To that end, Wiranto said that it is worth noting that part of the reason why the current account surplus has been reduced is the uptick in goods imports to satiate the uptick in domestic needs, even as Malaysia’s hefty exports continue to provide some counterbalancing buffer.
Elsewhere, he said that it is notable as well that the debit portion of the primary income component – which typically comprises items such as dividend repatriation of foreign investors – has been higher than usual at this time of the year.
The Economist said that the robust GDP print is in line with the tightening stance that Bank Negara has just adopted this week, even if it has not shifted our thinking that it may still opt for a pause in the July meeting and only hike again in September in view of its pledge to tighten in a “measured and gradual” way.
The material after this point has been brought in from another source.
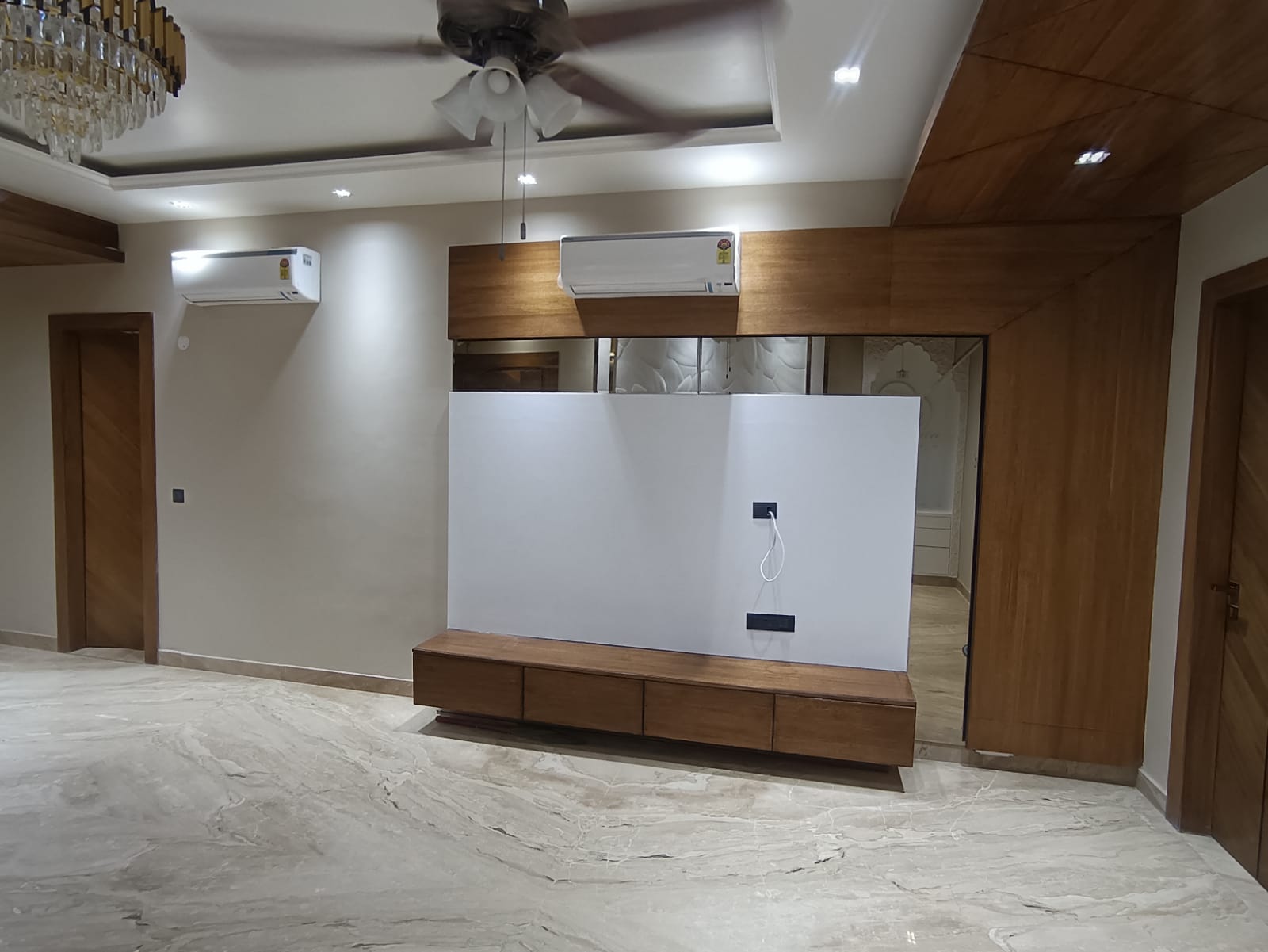 4 BHK builder floor - Image 21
On the decision to hike the OPR by 25bps unexpectedly just two days ago, he said that Malaysia’s central bank noted that, as shown by “the latest indicators,” the economy is “on a firmer footing.”
Going forward, he said that even as the strength in the Q1 data is comforting, the potential headwinds posed by a slowdown in the major economies are likely to present tougher times for the Malaysian economy.
As fortunate as it is to enjoy a domestic demand uplift, the export component cannot be ignored, on its own and on account of how it feeds to the overall economy through employment recovery, especially.
Hence, even though our forecast for the full-year GDP growth would naturally go up to account for the upside surprise in Q1, the outturn for the later parts of the year looks less promising than before.
Hence, in net terms, we now see the full-year 2022 growth at 5.7% yoy, a measured uptick from 5.4% before.